=== ACTION ITEM ===
Print all the data below exactly, without images.

** Opening SUPPLIED MATERIAL block **

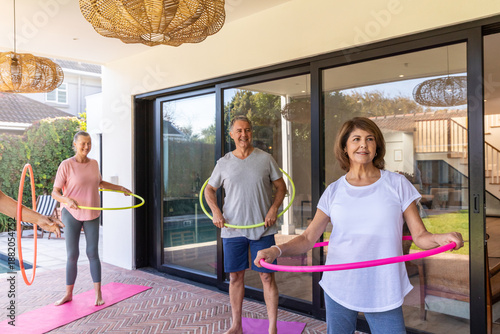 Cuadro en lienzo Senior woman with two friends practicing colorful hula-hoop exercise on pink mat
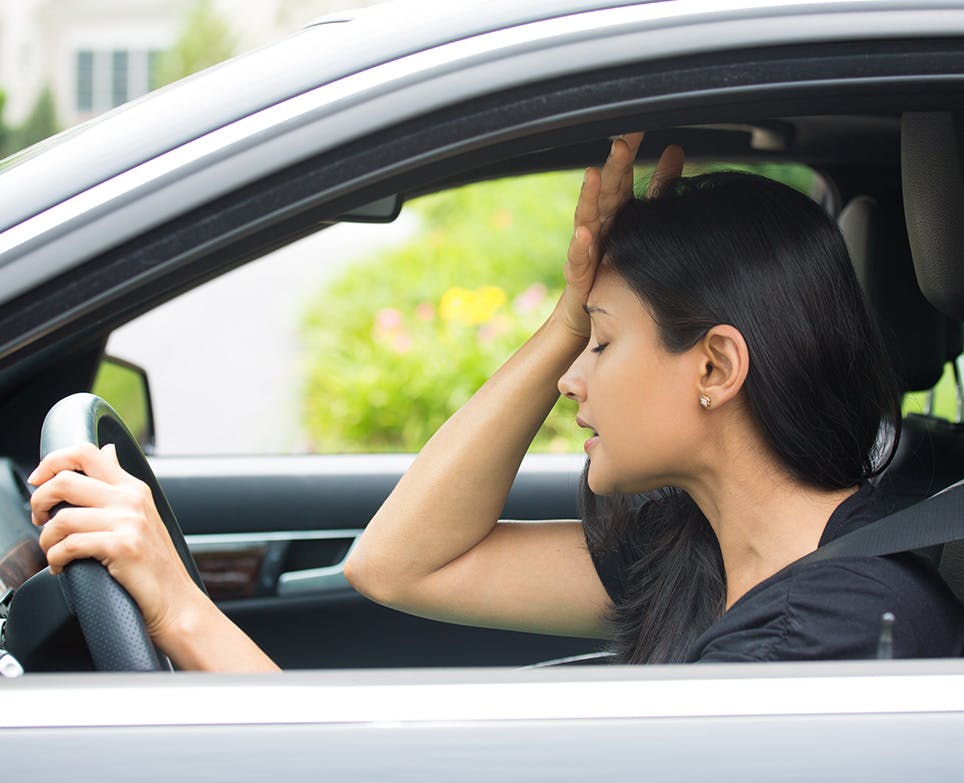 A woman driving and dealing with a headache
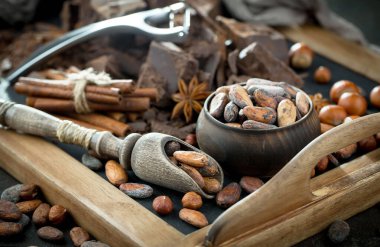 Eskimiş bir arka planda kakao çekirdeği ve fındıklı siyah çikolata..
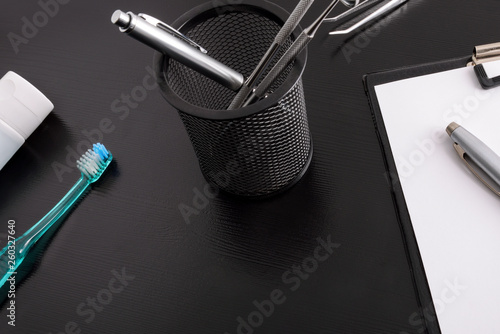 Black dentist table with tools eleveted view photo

** Closing SUPPLIED MATERIAL block **

=== RESULT ===
 Cuadro en lienzo Senior woman with two friends practicing colorful hula-hoop exercise on pink mat
 A woman driving and dealing with a headache
 Eskimiş bir arka planda kakao çekirdeği ve fındıklı siyah çikolata..
 Black dentist table with tools eleveted view photo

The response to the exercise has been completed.